As the Russia-Ukraine war continues to unfold, the world has seen Ukrainians defending their home through unity and mutual reliance. In sharing food and resources with people who can’t wait in lines, driving trains coming back with supplies after evacuating others, housing strangers in volunteer shelters, aiding troops in making Molotov cocktails, and fighting without question, Ukrainians have been coming together to practice an emergency participatory democracy. While Ukraine is receiving aid from various outside sources such as the Salvation Army or the UN, it is mainly the citizens themselves putting the interests and needs of their peers first without any request from the government or holding a position in government.

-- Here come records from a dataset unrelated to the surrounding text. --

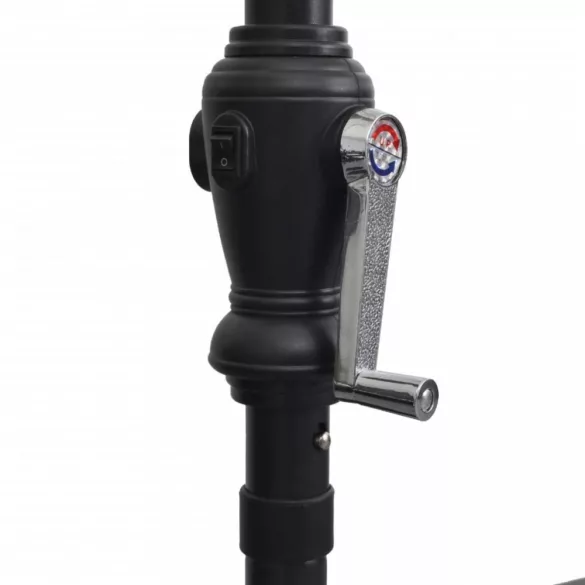 homokfehér konzolos kerti napernyő LED-del 3 m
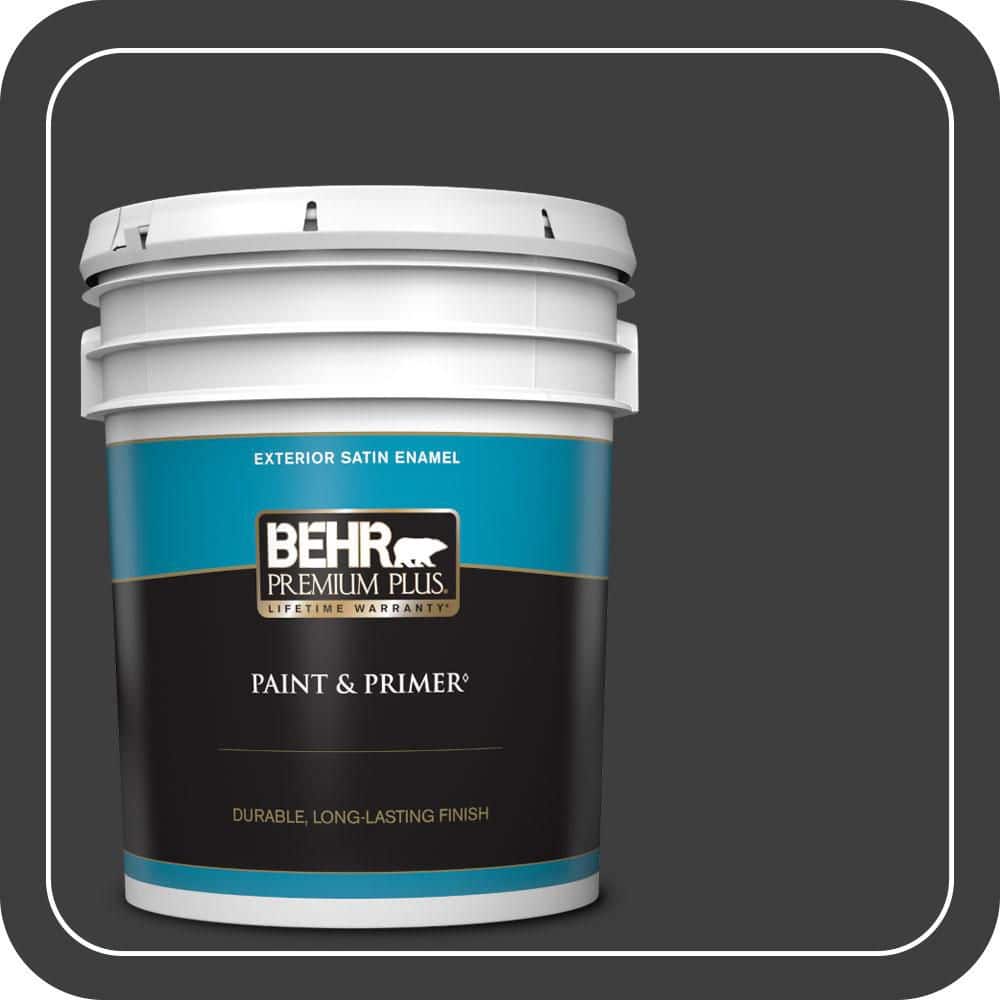 BEHR PREMIUM PLUS 5 gal. #QE-64 Madison Avenue Satin Enamel Exterior Paint & Primer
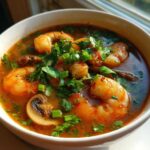 Close-up of a steaming bowl of bright red tom yum soup featuring large shrimp and sliced mushrooms, garnished with fresh cilantro.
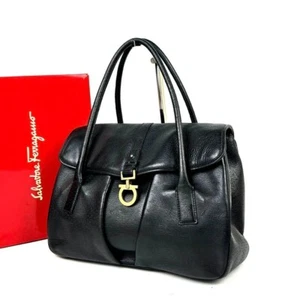 Salvatore Ferragamo Gancini Hand Boston Bag Leather Black Used Gently Auth JAPAN - Picture 1 of 10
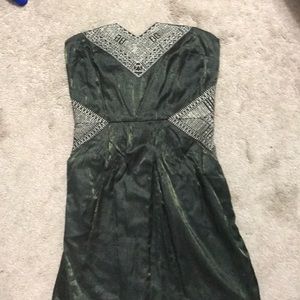 Green and gold strapless dress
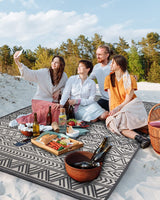 Outdoor Rug Carpet 6x9 ft, Flatweave Textured Outdoor Patio Rug Non Slip Indoor Outdoor Rugs with Rubber Particles Backing Boho Outdoor Area Rug for Patio Deck Front Porch Backyard Balcony MontVoo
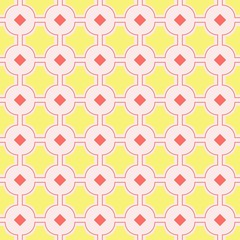 Modern Moroccan style inspired vector seamless pattern. Abstract flower geometric pattern tiles. Pattern elements spring colors - yellow, pink and green.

According to Julia Keugten, Senior Advisor at the Westminster Foundation for Democracy, Participatory Democracy is “concerned with ensuring that citizens are afforded an opportunity to directly participate, or otherwise be involved in the decisions that affect their lives.” While this seems bound to happen on an individual level when in a war-zone where everyone is left to fend for themselves and thus has complete control over the decisions they make in their lives, civilians are in-fact not acting alone or against each other. This goes to show a sort of human nature to equally all participate in the betterment of the majority, even when not seeking a reward or title. Ukraine has and is showing the power of democracy as well as the instinctive manner in which people, when all experiencing the same losses, fall into democracy on all scales, big and small. In this, Ukrainians are exhibiting what Rebecca Solnit argues is basic human nature in the face of disaster:
“In the wake of an earthquake, a bombing, or a major storm, most people are altruistic, urgently engaged in caring for themselves and those around them, strangers and neighbors as well as friends and loved ones. The image of the selfish, panicky, or regressively savage human being in times of disaster has little truth to it." - Rebecca Solnit.
As tighter and tighter centralization of power leads authoritarian to crumble, we may see a riptide of democracy pulling in the opposite direction, giving power and choice back to citizens. The citizenship Ukrainians have displayed in battle need not stop once the war is over. One Ukrainian resident, Vladymir Balabanov, sets his hopes high for the country’s revival after seeing and engaging in this natural emergence of participatory democracy stating, “People who fled are coming back now. We see our country in a new way. We have changed, and we want to change Ukraine for the better. A year of war has left us tired, but with hope.”